By Libya Herald reporters.
Tripoli and Benghazi, 12 September 2016:
While the Thinni government in Tobruk today thanked members of the Petroleum Facilities Guard for not resisting Sunday’s army takeover of the eastern oil export terminals, the Presidency Council and the international community have condemned the seizures.
Army spokesman Colonel Ahmed Al-Mismari said this morning that the terminals at Sidra, Ras Lanuf, Brega and Zuetina were all under army control. However it is reported that at least one PFG member was killed in the operation. There were also unconfirmed reports of continuing resistance at Zuetina. It was not possible to contact the terminal. The army’s 153 Battalion entered Zuetina in the middle of last month but made no attempt to push into the terminal itself to the west of the town.
Mismari insisted that the oil terminals were now open to the National Oil Corporation to get on with exporting crude. The armed forces would not interfere.
Mismari did not mention that until Sunday’s dawn assault, three of the four terminals, the exception being Brega, had been under the control of PFG commander Ibrahim Jadhran. Visited in Ajdabiya by UNSMIL chief Martin Kobler in July, Jadhran then cut a deal with the Presidency Council to end his blockade of the terminals and allow NOC to resume exports.
Jadhran’s house was attacked on early Sunday, it seems as part of a brief fight during which the army claimed to have seized four tanks and 15 “technicals”. It is not known where Jadhran is now. There are unconfirmed reports that elders of the Magharba tribe, to which he belongs, have urged him to hand himself in to the army.

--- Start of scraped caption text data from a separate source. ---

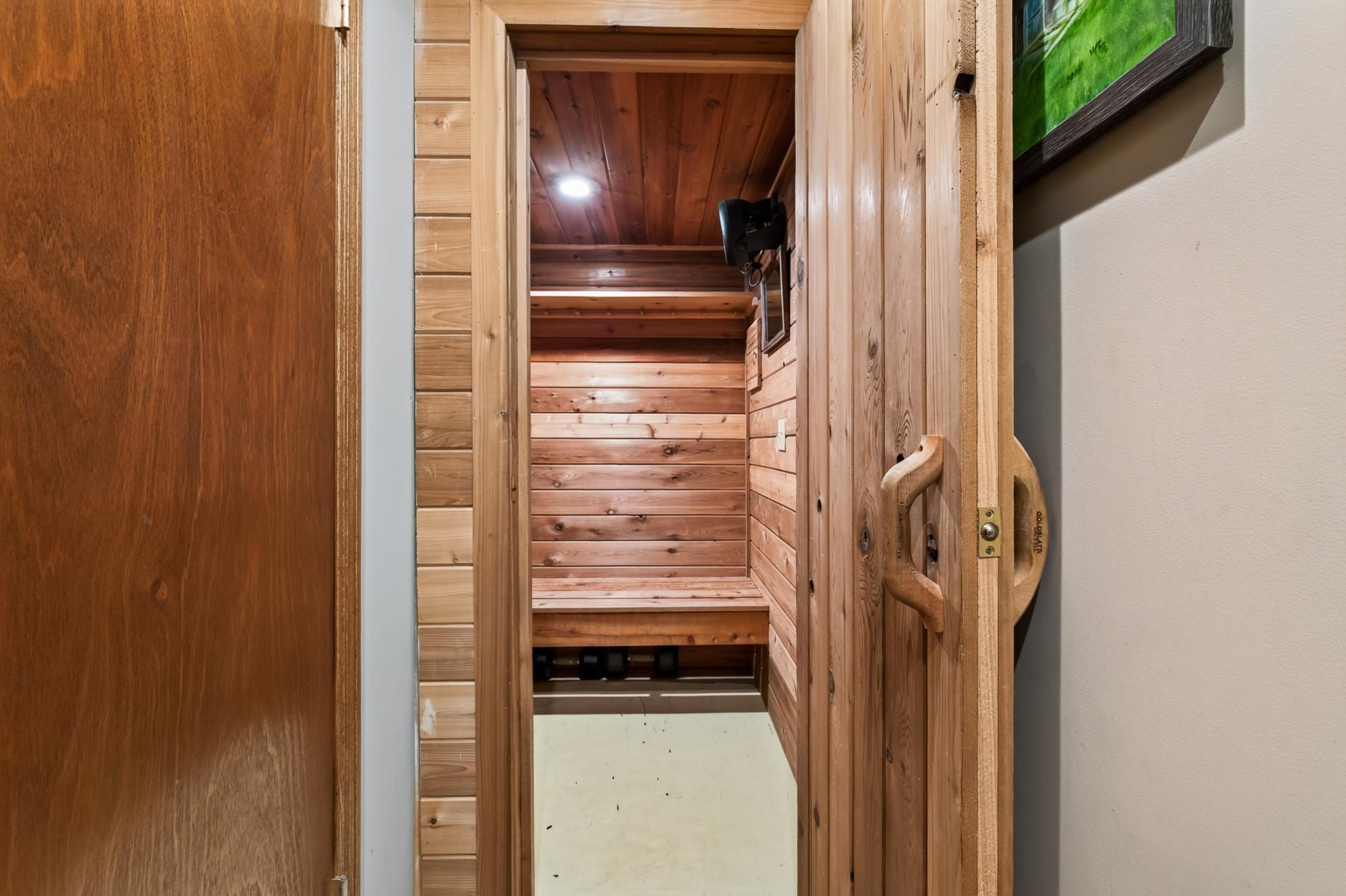 Sauna change room is attached to sauna.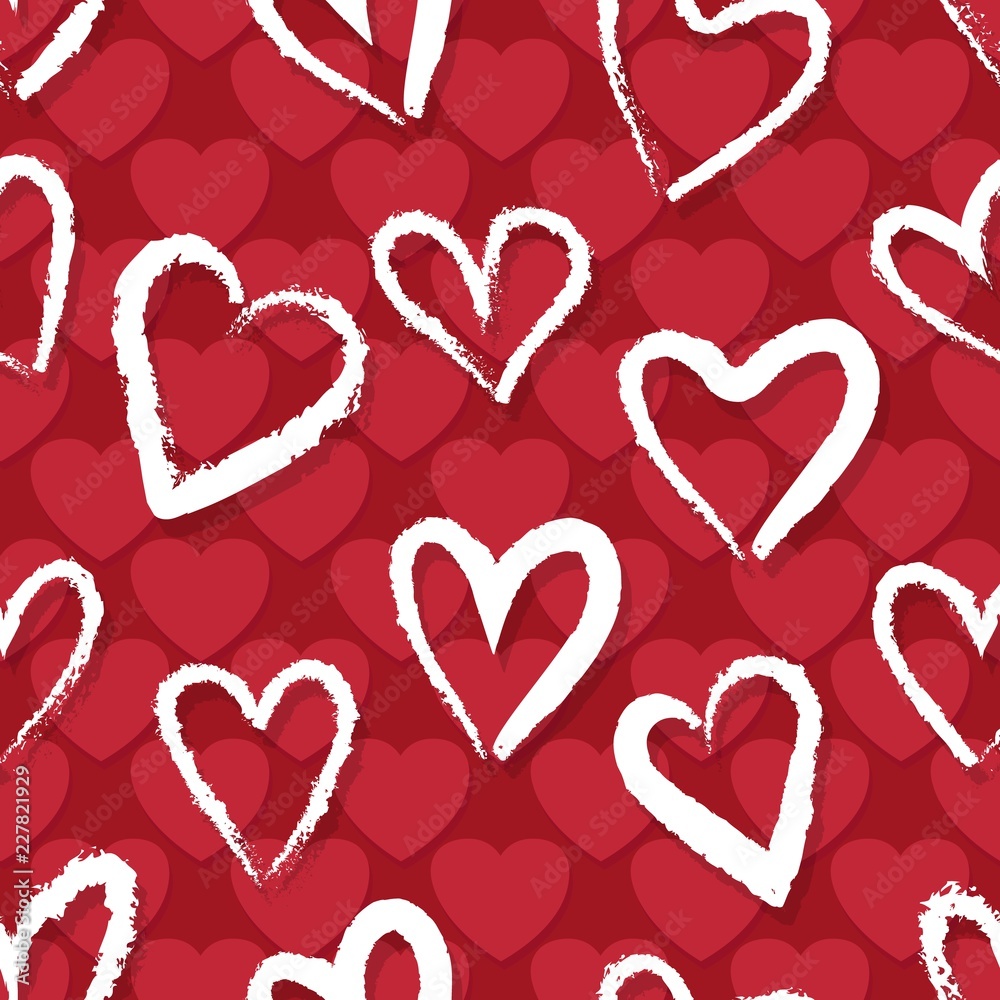 Red hearts pattern. Heart vector print, love seamless wallpaper, hearted texture Red hearts pattern. Heart vector print, love seamless wallpaper, hearted texture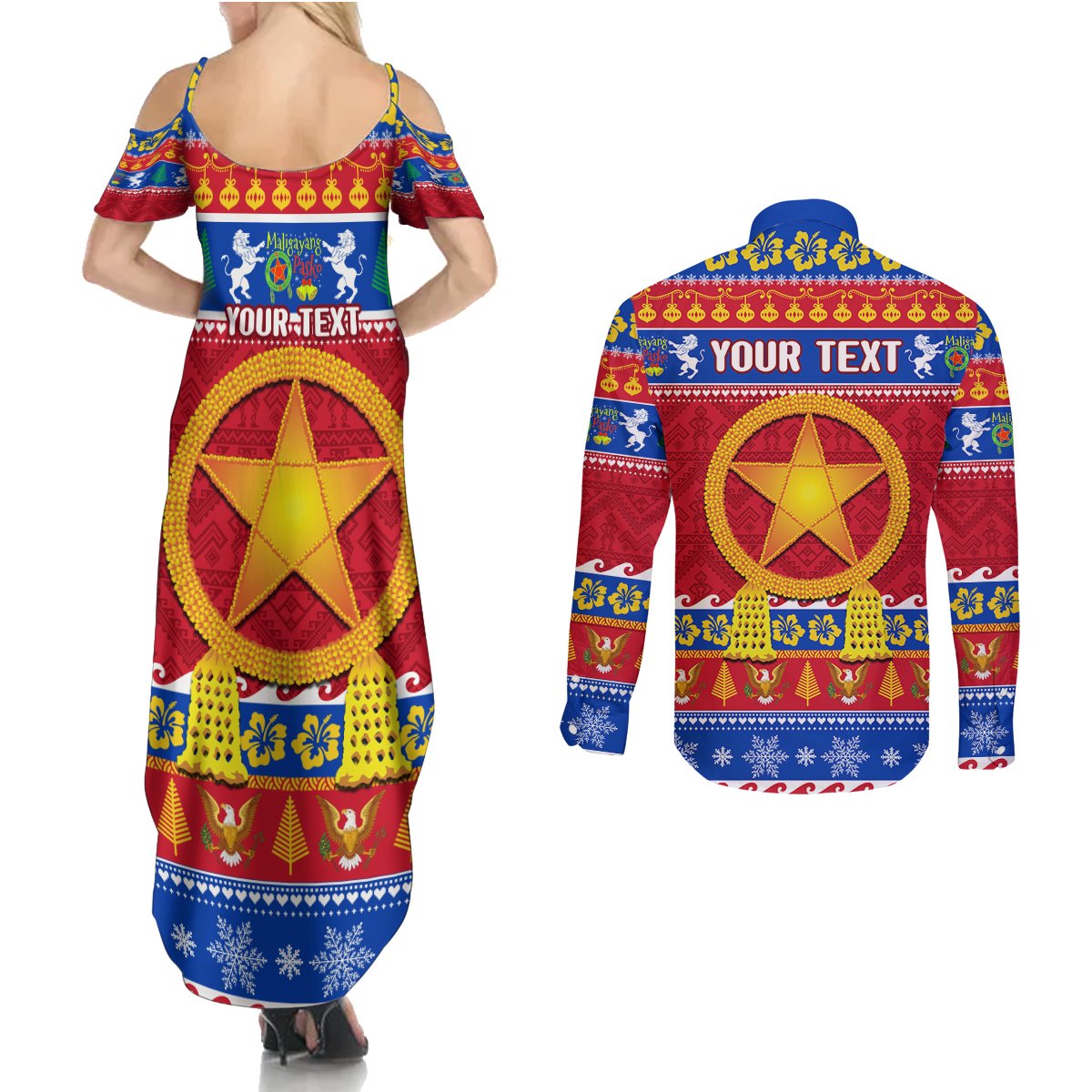 Custom Philippines Christmas Couples Matching Summer Maxi Dress and Long Sleeve Button Shirt Filipino Parol Maligayang Pasko - Wonder Print Shop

The army claimed that no damage had been done to any of the equipment in the export terminals. It said that smoke seen rising from the Sidra terminal came from a burning generator fuel tank.
Throughout Sunday, there was no public reaction from the Presidency Council. It was only in the early hours of this morning that it put out a statement protesting that the occupation of the four terminals was a blow to the process of reconciliation. It had frustrated the hopes of stability and ending bloodshed and suffering. The PC said it would respond wisely and with concern for the lives of ordinary citizens and the unity of the nation.
It insisted that it and Government of National Accord had the sole right to protect oil installations. It also suggested that foreign troops had been involved in the operation. The PC said that all patriotic Libyans and tribal elders should work with it to reverse this serious development by peaceful means.
UNSMIL chief Martin Kobler echoed the PC saying that the oil terminal attacks threatened Libya’s stability and could lead to greater divisions. He called for an immediate end to hostilities and urged both sides to avoid damaging the oil facilities. “Natural resources belong to all Libyans” he said, “Preserving them is in the national interest”
Six members of the international community also weighed in today. A joint statement from France, Germany, Italy, Spain, the UK and the US callied for an immediate ceasefire and the avoidance of damage to oil infrastructure.
They said there was an obligation “to ensure oil revenues are used to provide essential services fro the Libyan people”, adding “Libyan forces should unite in fighting the so-called Islamic State and other UN-designated terrorist groups”.
Ibrahim Dabbashi, until his recent firing by the PC, Libyan’s UN ambassador, speculated that the terminals had been seized to act as a buffer zone between the east and west of the country, or to impose division or what he described as “a puppet government”.